DESCRIPTION OF THE TASK ::
Among the records, which lines hold the word "view"? Pick them out.

DATASET ::
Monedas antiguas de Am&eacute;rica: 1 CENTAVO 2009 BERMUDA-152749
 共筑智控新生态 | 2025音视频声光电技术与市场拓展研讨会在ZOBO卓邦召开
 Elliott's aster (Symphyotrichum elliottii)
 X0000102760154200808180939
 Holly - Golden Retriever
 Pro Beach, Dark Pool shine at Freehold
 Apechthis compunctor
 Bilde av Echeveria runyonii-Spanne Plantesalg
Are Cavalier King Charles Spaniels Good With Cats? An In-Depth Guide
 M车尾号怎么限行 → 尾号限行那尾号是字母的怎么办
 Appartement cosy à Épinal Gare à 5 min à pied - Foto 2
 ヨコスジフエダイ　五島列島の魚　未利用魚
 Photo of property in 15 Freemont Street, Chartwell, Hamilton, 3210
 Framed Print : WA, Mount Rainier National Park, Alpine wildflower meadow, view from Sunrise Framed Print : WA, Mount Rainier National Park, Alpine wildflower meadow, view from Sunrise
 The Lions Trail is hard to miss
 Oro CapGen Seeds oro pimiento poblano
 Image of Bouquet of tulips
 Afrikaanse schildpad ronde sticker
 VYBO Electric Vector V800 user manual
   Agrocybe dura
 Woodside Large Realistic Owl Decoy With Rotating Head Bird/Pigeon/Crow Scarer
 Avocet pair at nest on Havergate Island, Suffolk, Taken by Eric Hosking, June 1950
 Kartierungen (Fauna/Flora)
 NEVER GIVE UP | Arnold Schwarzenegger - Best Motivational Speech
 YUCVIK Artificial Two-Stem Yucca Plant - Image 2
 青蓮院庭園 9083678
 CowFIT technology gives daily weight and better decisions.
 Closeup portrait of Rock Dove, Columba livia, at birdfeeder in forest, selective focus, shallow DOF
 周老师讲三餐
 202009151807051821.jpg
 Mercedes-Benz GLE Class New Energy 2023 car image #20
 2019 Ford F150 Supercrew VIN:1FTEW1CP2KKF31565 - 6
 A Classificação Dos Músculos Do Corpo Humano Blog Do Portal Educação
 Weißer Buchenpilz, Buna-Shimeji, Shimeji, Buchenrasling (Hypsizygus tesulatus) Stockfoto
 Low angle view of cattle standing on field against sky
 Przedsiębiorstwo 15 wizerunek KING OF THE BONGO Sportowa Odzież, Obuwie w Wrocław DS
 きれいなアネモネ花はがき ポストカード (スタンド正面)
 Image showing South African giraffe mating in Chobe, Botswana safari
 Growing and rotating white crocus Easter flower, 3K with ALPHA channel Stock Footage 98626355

ANSWER SPACE ::
 Framed Print : WA, Mount Rainier National Park, Alpine wildflower meadow, view from Sunrise Framed Print : WA, Mount Rainier National Park, Alpine wildflower meadow, view from Sunrise
 Low angle view of cattle standing on field against sky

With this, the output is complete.